Aside from despair, that situation bred creativity as well. Ruthless irony produced much dark humor and some good films, such as ‘Dr. Strangelove’. Dystopian fantasy looked forward to a world that would be a wasteland, but featured excitingly souped-up cars and statuesque rock stars in revealing chainmail suits, such as in the original ‘Mad Max’ franchise. More serious reactions to the threat of superpower-inflicted Armageddon included an international peace movement, earnest novels such as ‘On the Beach’, and plenty of talking points for academics and commentators.
In retrospect, one of the most interesting ideas about alternatives to committing species suicide over ideologies and values – socialism versus capitalism, liberal democracy, freedom and equality – was Convergence Theory. The doctrine drew in some of the smartest minds in the West and East, including the fiercely intelligent Soviet nuclear physicist and atomic bomb builder, turned uncompromising human rights dissident, Andrey Sakharov.
In essence, Convergence Theory is simple. As societies develop economically, it claims, they become generally more similar. This may seem simplistic, like the sort of stuff men with pipes, elbow patches, and horn-rimmed glasses came up with in the 1960s. But in the context of the Cold War, it seemed to offer some hope.

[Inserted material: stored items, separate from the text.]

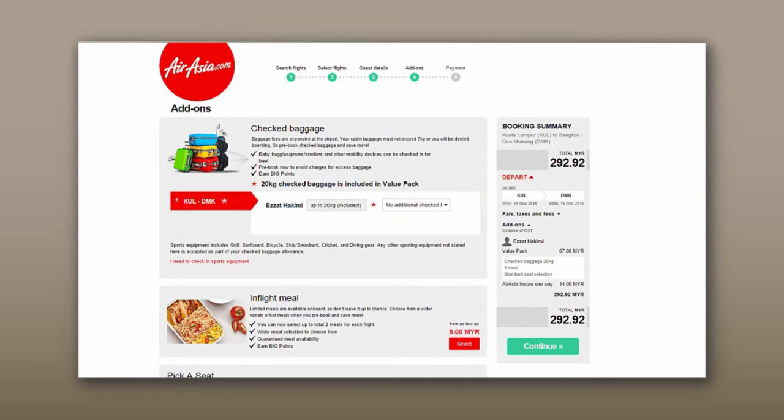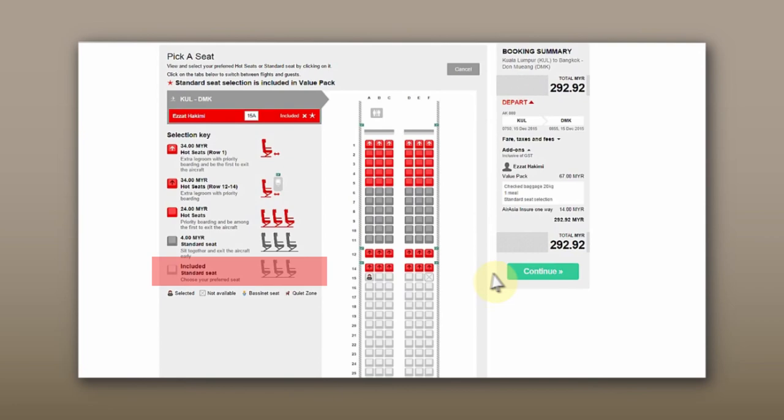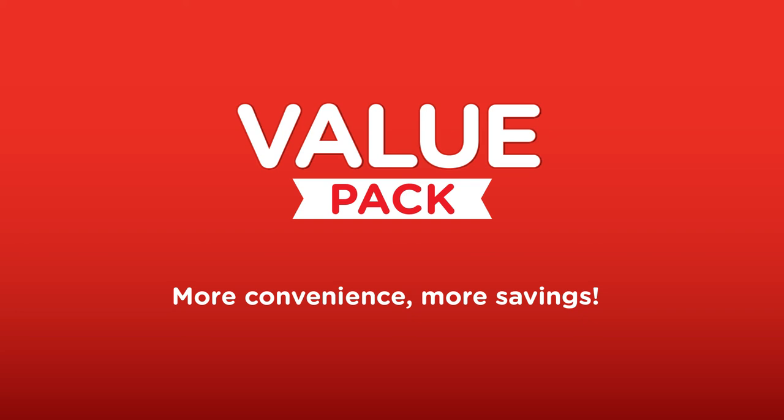But wait! Before you go, remember to pick your preferred seat, proceed to payment, and you're done. Apply with Value Pack for more convenience and savings. Go to AirAsia.com for more details.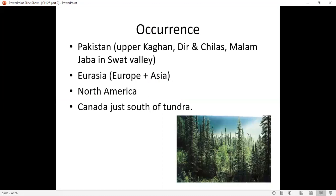In Pakistan, these forests are located in Dheer, Chilas, Malam Jabba, and the Swat Valley. In the world, they are found in Eurasia — Europe and Asia — North America, and Canada, south of the Tundra.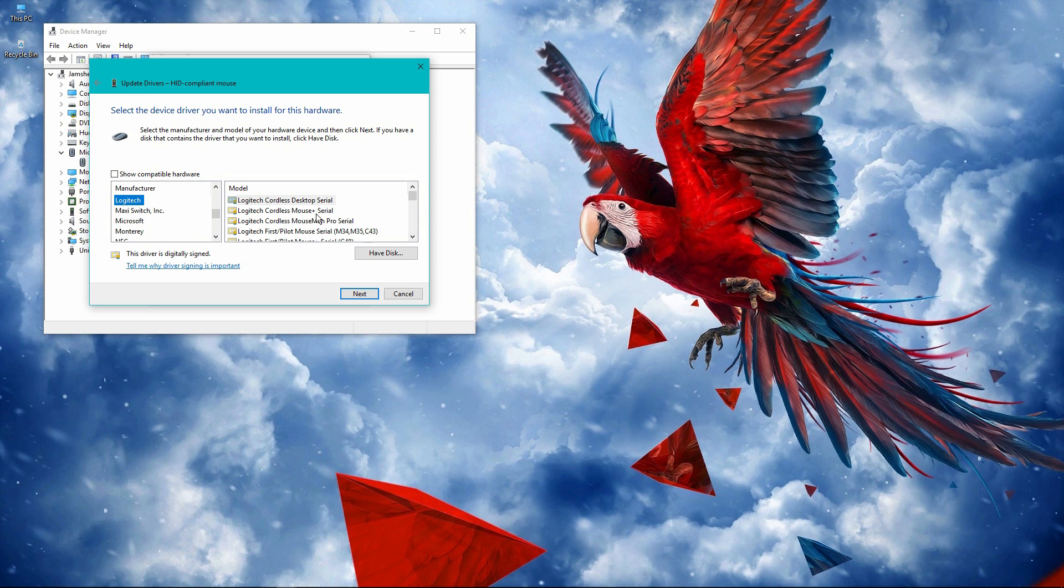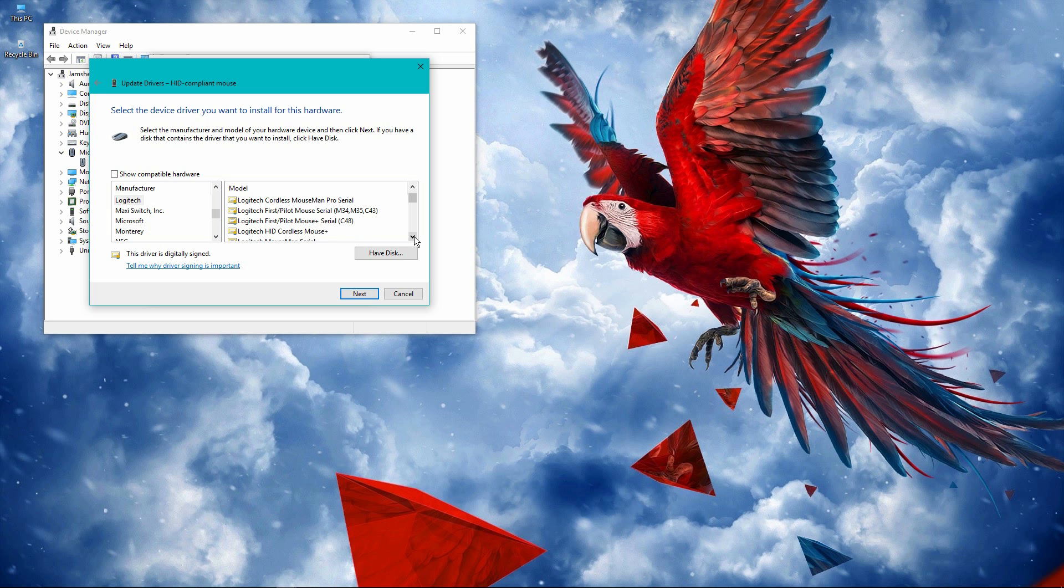In the first instance, I clicked on here and installed it, but the issue was not resolved. The second time I selected this option, Logitech HD Cordless Mouse Plus, and installed it properly by clicking next, next, and OK - simple steps.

While Cold Warriors were unhealthily obsessed with the differences to kill and be killed for, convergence theorists noted that in many ways East and West, communism and capitalism were not so different after all. Both camps featured urban societies with fossil-fuel-based industries and much bureaucracy, even if the nature of that bureaucracy depended on which side of the Iron Curtain you were on. Both camps claimed to have inherited Enlightenment values, although they could not agree on what that meant. The two sides loved industry, technology, and expertise. And crucially, both Moscow and Washington believed wholeheartedly in progress.
Ultimately, the convergence theorists of the Cold War surmised, the two hostile systems would evolve enough to not only be more similar but, but to be more compatible too, recognizing what they have in common and seeking to solve the remaining differences amicably.

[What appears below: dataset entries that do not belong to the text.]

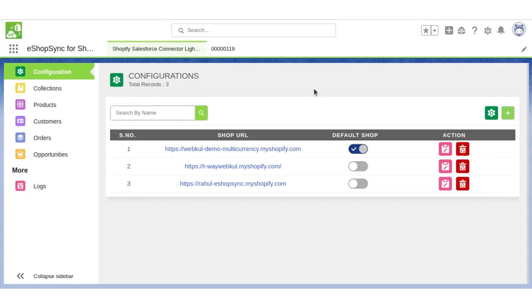Hello everyone, greetings. My name is Rahul. I am a Salesforce Consultant at Webful Software Private Limited. In today's video, we are going to cover real-time sync of products from Shopify store to Salesforce.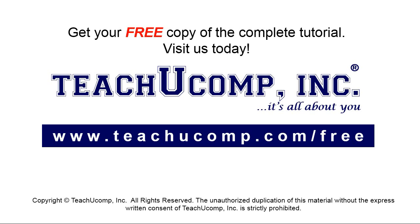Get your free copy of the complete tutorial at www.teachyoucomp.com/free.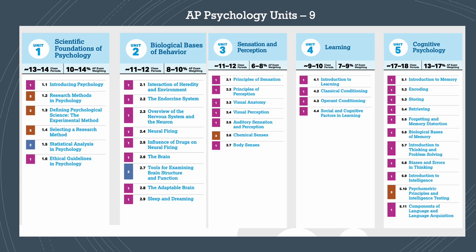The first unit is Scientific Foundations of Psychology, where we introduce psychology, the history of psychology, and learn about research methods. Here we introduce the second skill, quantitative analysis, and learn the different types of research methods. We focus heavily on experimental methods and learn statistical analysis as well. We also cover the ethical guidelines when conducting any scientific research.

Before this hypothesis could be proven, the Soviet Union first retreated from the Cold War and shortly afterwards abolished itself. Ironically, some of the ideas which fed into the policies of Soviet reform that unintentionally triggered collapse instead, came from Convergence Theory.

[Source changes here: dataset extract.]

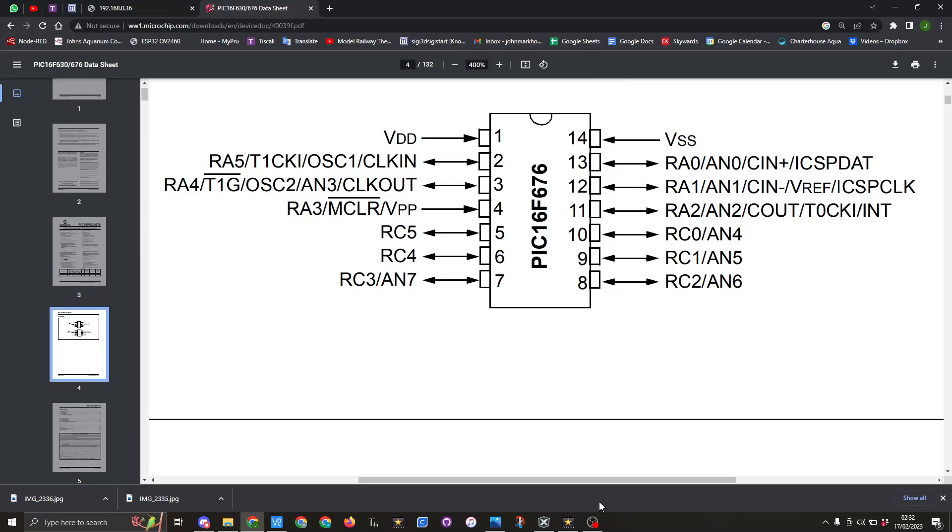So here you can see from the datasheet the pin out of the PIC16F676. The datasheet does cover also the PIC16F630 so make sure you're looking at the right one. You'll notice it's a 14 pin PIC.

Yet, it seemed, things had not converged – not at all. On the contrary, they had diverged as far as possibly imaginable: the Cold War West was alive and kicking, the Cold War East was dead and begging. And as so often, no one was paying much attention to China beyond condemning it. History, in all its Hegelian majesty, so it seemed to hasty minds, had spoken, and the West’s version of capitalism was not only triumphant but the only way forward into the future, for everyone.
Fast forward to the present: a third of a century later, it is easy to see that a world temporarily under Western management has not been a success. Democracy is on the backfoot in its own putative heartlands, threatened by rampant economic inequality, state ineffectiveness, the resulting disillusionment of the many, and the myopia of oligarchies enriched and empowered as never before. In the US, the driving force in national populism, while Tory-led England is becoming the self-destructive core of a United Kingdom that may fracture. Merkel’s now-united Germany is reckoning with a stability that comes at the cost of immobility.
Meanwhile, global international relations – despite all the talk to the contrary – don’t not suffer so much from the breaking of rules as from their total absence. Rules only really exist when they are followed most of the time and apply to everyone equally. We do not yet live in that kind of world, not remotely. Instead – to our detriment – we live in a world with one reliable rule only: rules are made for geopolitical opponents, while friends can do pretty much what they want.
If you think that this sounds “relativistic” or “cynical,” the blame can only lie with those in power. And if you think that it is an exaggeration, imagine, just for a moment, what the system of international politics looks like from the perspective of a Palestinian. That should do for any remaining illusions and pieties.
Last but certainly not least, we live in a world that may be dying – or to be precise, committing a drawn-out suicide. Warned since before the Cold War ended that our fossil-fuel civilization was going to destroy our biosphere through global warming, we have collectively chosen to keep heating and do without the biosphere. In another irony, while in the 1980s we feared the climate effects of World War III – a frozen nuclear winter – we have now proven that our species can “weaponize” the weather against itself in peacetime.
Of course, this need not spell the end for literally all of us; presumably, the powerful and wealthy of the species will find ways to make it through extreme weather, droughts, climate-driven wars and displacements, and the authoritarian politics that come with self-made emergencies.
The first post-Cold War order, largely in the hands of a temporarily elevated, but complacent and introspective, West has failed. That does not mean that anyone has a better alternative ready. But it does mean that the current Western approach to the world, still influential and firmly rooted in the perceived victory of the Cold War, is not sustainable.
It was always a mistake to misunderstand the collapse of Soviet communism as proof of the viability of the West’s capitalism. Looking back from where we are now it almost looks as if, with a slight, historically insignificant delay, Cold War East and Cold War West are, after all, converging together. If only in failure.